What originally drew me to the UP back in 2013, was the offer of access to my own data. I was hoping to get sensor data. The actual discrete time stamped measurements from the accelerometer and the stop watch. Instead what I got was daily aggregations. I suspect Jawbone retain the meta data from the phone app like geotags, network details etc.
Downloading the aggregated data from the website involves finding link buried at the bottom of the Accounts section of the User Profile page.
Interpreting the column headings required some hunting around the Jawbone Support Forums. These community Forums have since disappeared form the Jawbone website. So the table below may be the only data dictionary still floating around the internet!
It to have been deciphered by an enthusiastic user rather than an official spec from Jawbone. I’d link to the forum post and credit the user but I couldn’t find them even in Google Cache.
Essentially, this is what’s available in the CSV files.
calcium content in milligrams
energy content in kcal
carbohydrates content in grams
cholesterol content in milligrams
fiber content in grams
protein content in grams
saturated fat content in grams
sodium content in milligrams
sugar content in grams
unsaturated fat (monounsaturated + polyunsaturated) content in grams
total number of seconds the user has been moving
total number of calories burned in the day
total distance in meters
longest consecutive active time in seconds
longest consecutive idle time in seconds
total number of steps in the day
number of workouts in the day
total number of seconds the user has workedout
total sum of mood ratings in the day
number of minutes, since previous midnight, when the user fell asleep (first time the user fell into light or sleep mode).
seconds the user was awake
number of minutes, since previous midnight, when the user woke up (either the band was taken out of sleep mode, or the beginning of the last awake period)
number of times the user woke up
number of minutes, since previous midnight, when the user set the band into sleep mode
number of seconds the user was in deep sleep
total number of seconds the user slept
number of seconds the user was in light sleep
quality score (0-100)
I chose to explore this data visually with D3.js and Crossfilter.js.
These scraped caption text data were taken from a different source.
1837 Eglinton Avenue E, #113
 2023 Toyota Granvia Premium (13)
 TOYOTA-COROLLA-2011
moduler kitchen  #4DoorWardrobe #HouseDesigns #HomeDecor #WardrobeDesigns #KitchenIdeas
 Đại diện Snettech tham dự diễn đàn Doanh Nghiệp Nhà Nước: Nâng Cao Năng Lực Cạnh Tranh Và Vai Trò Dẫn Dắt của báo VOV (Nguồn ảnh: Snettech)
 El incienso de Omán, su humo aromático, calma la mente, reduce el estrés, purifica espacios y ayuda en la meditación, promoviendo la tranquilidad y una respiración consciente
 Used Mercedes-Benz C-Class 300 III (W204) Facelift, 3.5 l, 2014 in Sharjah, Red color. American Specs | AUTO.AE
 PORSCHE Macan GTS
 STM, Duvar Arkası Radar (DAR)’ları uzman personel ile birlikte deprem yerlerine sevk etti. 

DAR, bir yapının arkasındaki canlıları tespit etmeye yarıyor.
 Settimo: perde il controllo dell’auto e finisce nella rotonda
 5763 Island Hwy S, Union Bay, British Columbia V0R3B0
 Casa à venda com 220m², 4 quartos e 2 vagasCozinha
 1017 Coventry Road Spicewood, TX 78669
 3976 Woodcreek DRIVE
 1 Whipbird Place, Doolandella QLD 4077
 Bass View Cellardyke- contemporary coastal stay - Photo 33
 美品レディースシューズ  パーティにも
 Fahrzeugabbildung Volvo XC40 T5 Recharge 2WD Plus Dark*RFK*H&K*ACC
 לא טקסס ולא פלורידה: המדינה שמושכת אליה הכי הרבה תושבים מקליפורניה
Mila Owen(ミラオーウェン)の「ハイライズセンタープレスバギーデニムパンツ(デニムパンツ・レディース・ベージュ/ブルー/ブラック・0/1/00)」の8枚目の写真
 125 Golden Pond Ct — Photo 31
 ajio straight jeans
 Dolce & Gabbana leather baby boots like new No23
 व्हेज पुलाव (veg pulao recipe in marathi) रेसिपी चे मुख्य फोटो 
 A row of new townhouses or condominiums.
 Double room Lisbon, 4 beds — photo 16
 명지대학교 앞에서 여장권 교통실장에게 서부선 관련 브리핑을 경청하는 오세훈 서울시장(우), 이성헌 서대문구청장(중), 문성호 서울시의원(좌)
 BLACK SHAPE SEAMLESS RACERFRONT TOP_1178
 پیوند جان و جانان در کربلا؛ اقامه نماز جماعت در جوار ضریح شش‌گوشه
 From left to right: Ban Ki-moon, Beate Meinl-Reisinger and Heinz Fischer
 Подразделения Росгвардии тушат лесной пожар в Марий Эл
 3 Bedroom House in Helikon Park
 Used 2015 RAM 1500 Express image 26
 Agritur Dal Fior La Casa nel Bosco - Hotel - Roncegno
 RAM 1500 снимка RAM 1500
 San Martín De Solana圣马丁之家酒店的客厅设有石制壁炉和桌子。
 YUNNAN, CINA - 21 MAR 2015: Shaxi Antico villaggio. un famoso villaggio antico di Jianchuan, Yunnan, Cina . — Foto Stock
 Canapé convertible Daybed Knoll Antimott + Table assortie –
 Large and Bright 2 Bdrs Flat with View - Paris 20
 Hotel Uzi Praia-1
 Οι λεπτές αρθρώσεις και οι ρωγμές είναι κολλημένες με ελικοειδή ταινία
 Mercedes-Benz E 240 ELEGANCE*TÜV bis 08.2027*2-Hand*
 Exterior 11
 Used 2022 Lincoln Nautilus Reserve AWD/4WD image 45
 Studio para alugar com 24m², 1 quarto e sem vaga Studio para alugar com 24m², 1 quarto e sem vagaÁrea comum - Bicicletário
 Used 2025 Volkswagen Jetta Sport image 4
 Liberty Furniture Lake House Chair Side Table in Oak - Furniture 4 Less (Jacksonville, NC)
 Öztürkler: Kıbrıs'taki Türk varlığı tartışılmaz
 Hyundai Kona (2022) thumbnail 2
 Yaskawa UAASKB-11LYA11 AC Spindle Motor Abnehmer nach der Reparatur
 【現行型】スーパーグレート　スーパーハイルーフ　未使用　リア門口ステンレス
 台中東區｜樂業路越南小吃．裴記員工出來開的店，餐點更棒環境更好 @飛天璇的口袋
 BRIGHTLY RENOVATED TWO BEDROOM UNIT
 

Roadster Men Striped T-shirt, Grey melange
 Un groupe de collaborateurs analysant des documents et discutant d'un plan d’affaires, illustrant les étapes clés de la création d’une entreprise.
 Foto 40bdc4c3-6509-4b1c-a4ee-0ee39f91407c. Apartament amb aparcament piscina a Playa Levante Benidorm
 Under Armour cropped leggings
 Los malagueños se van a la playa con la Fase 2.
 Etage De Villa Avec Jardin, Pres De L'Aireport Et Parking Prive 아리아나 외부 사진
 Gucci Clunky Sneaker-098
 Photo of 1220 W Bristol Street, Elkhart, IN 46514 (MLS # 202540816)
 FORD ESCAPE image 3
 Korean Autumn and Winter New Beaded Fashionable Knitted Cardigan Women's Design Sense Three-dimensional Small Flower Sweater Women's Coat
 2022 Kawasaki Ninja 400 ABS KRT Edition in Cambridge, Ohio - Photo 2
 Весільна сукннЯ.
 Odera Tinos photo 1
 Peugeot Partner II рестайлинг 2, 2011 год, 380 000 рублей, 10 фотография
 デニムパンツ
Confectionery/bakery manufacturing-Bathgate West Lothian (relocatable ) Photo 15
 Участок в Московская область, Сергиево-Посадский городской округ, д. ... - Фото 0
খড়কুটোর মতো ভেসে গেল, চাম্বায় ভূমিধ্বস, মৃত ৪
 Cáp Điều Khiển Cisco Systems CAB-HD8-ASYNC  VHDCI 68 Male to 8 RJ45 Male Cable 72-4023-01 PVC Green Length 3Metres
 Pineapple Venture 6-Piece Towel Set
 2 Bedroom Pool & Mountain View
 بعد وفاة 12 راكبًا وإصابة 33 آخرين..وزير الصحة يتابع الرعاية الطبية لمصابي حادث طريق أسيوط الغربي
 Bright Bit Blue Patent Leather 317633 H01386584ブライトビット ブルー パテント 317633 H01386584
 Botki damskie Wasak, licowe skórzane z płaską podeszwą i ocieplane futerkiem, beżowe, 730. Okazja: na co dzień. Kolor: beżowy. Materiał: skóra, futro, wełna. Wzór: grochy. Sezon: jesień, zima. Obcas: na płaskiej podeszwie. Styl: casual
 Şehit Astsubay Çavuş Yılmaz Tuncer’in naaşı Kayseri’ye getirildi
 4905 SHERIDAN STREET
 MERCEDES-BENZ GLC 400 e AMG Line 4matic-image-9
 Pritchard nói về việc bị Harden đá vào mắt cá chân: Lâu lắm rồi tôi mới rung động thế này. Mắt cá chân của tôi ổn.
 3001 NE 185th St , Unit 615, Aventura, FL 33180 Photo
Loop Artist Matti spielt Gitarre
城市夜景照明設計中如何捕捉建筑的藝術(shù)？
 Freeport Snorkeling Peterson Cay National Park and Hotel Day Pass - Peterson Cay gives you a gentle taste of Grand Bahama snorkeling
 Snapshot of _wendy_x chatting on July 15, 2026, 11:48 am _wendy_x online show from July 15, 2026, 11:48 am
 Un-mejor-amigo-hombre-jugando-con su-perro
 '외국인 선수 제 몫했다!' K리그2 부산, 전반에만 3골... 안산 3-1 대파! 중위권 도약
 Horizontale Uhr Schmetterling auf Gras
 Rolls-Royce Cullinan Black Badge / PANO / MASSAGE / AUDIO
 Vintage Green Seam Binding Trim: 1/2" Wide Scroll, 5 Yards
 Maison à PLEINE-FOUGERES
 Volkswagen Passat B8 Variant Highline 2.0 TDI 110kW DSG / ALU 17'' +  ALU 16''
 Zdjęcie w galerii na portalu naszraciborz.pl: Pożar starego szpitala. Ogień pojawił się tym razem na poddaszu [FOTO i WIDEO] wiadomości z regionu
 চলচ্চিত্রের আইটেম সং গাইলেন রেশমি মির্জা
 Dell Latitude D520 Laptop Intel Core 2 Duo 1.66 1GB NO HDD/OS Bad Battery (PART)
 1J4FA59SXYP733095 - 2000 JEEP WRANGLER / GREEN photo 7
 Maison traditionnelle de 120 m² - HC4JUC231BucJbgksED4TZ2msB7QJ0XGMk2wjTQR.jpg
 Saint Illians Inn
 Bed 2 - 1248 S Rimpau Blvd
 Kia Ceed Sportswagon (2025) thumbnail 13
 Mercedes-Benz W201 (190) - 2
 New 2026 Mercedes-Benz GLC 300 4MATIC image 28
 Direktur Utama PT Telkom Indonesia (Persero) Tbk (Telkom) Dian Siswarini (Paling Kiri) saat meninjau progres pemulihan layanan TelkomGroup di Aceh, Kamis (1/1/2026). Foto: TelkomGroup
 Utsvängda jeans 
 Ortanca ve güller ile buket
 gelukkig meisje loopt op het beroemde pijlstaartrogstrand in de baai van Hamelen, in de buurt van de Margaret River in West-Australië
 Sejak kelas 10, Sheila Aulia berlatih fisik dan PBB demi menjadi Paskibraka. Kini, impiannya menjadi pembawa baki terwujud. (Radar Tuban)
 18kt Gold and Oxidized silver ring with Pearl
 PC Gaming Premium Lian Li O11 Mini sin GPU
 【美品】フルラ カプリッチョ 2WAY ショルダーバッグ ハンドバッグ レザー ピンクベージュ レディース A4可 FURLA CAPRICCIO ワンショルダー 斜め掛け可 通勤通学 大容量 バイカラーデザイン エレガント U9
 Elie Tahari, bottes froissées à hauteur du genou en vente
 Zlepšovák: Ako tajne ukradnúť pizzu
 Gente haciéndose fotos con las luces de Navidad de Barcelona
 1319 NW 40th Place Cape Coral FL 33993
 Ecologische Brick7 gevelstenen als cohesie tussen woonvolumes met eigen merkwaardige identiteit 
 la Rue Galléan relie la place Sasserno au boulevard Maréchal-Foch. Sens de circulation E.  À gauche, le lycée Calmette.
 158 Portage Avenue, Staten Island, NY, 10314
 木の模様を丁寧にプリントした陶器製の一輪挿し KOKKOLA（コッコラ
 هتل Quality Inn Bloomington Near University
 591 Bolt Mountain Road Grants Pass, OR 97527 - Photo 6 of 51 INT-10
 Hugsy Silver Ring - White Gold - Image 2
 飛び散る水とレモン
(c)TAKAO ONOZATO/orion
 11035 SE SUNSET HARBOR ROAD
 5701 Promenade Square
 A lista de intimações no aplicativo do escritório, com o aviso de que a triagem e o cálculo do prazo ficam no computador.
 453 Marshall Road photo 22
You could just have easily done the same in MS Excel or Google Sheets.
My experience suggests my band's distance estimates are off by about +20% when running. Consequently, this overestimates the speed (mph) calculations performed by the app. It’s true, I could calibrate it to my own running cadence and stride. I didn’t.
Given what I know about my own Basal Metabolic Rate (BMR) and Total Energy Expenditure (TEE), I assume the calorie expenditure estimates to be equally flattering (about 15% over estimated).
I believe the band assumes approximately 2,000 steps per mile. This would be consistent with prevailing average estimates. Hence, the further you are from “average” height and weight, the higher your margin of error.
If you’re an athletic outlier (skinny distance runner or a stocky body builder) these measurements are not useful for improving performance. If you’re “average” (overweight and inactive) you’ll get more accurate measurements out of the box. Which I suppose says a lot about who this was designed for.
In performing this simple visual exploration, I was unable to learn anything I didn’t already know.
I’ve owned at least six UP bands (if not eight). To be honest, I've lost count. None lasted beyond the 90 day warranty period and all except the first were replacements. While the customer service has been excellent the durability of the hardware was disappointing. This reflects heavily in the data and what you can do with it.
Replacement bands typically take 2-3 weeks to arrive, explaining the lengthy gaps in the illustrations. My apparently choppy performance (wide swings from the mean in the horizon charts) is a device reliability issue rather than inconsistent lifestyle choices or behavior patterns.
The UP band is unlikely to have any long lasting impact on my overall fitness, health or wellbeing. I’m pretty confident in saying, it won’t improve my Quality Adjusted Life Years. At best, the inactivity warnings remind me how much of a sedentary slob I can be.
If you've had better luck with your Jawbone UP and are interested in trying this analysis for yourself, my source code can be found on the Github repository.